In simple words, the second mortgage influences only on your budget. And it gives a little extra work to your real estate agent and the title company, as they’ll have to prepare loan closing documents for two mortgages.
What If The Market Sale Price Is too Small?
Depreciation put you in the situation to list the house with a price that doesn’t cover all your expenses. In this case, you need to find alternatives, as you can’t sell a house that has any lien on it.
The first option is to wait until you can get a better price. This strategy works in both directions at the same time. The market price of your property will grow, as your debt gets smaller – because you keep making payments on your mortgages.
However, this option requires time, as prices in the real estate industry grow at very small rates. If you’re desperate to sell your home, you need to come up with a different plan.
A second option is to increase the value of your property. Here are some ideas that could help you:
- Repair the external wall (and replace any damaged panels) – it gives your home a fresh look and helps you create a good first impression among potential buyers.
- Enhance the yard – a beautiful yard indicates that the owner takes good care of the property.
- Upgrade the kitchen or one of the bathrooms – a comfortable kitchen can change the appearance of the entire house. On the other end, many home buyers are looking for homes with elegant and fresh bathrooms.
- Fix the roof – it’s a big investment, but it could increase considerably the value of your property.
- Change the flooring – a new floor makes the house look modern and secure.

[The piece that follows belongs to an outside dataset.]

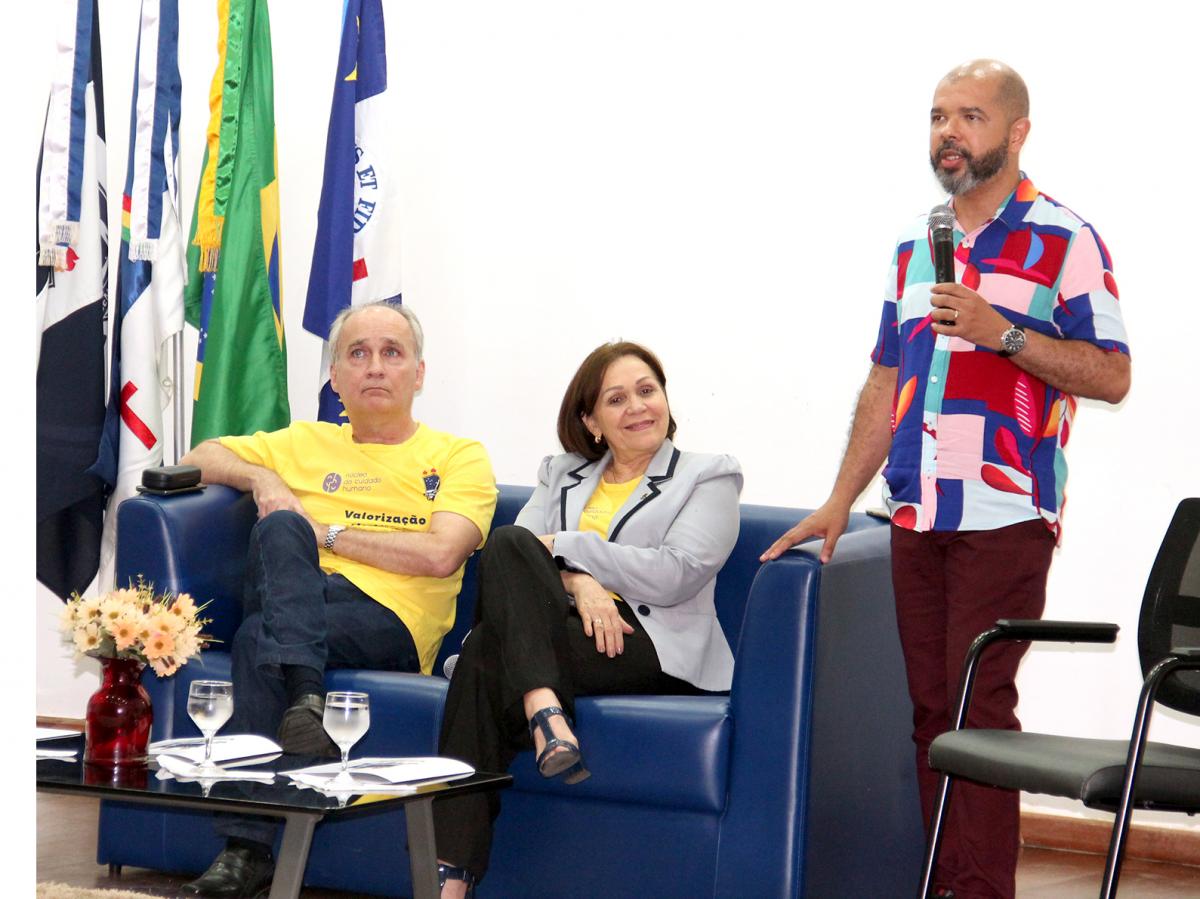 professor hugo monteiro ao microfone, de pé, enquanto a reitora e o vice-reitor assistem à palestra sentados num sofá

Discuss with your real estate agent about possible changes that could generate a market price boost. Your agent knows the insights of this industry and could give you precious advice on what investments can bring you more cash. It’s obvious that almost no one wants to buy fire damaged homes or properties with flaws in the foundation, but you need more accurate details to know where to point to sell for a better price.
The third option is to cover the difference from your pocket. If you can’t wait long enough to obtain a better price, you should consider paying the difference to pay off the second mortgage.
If you can’t afford such a financial effort, you can contract a short sale with your second mortgage lender. In this case, the bank or financial institution accepts less than the full payoff for your second mortgage. Then, you discuss alternative credit options, to be able to pay the rest of the debt. For this option, having a good credit score is essential if you want to contract a new deal with similar conditions like the old one. If your credit score is lower or you have a smaller income, you risk being rejected for a new loan.
To Wrap It All Up
Selling with one or two mortgages is a normal thing on the American market, as many of these loans are 30-year agreements. Yet, as with all transactions, you must do the math and see whether you can get some profit out of this sale.
Selling a home with two mortgages isn’t different from selling a property with a single lien. The main discrepancy stays in your pocket. Listing for a too small price can have long-term effects on your budget, so analyze all options before deciding to sell your house.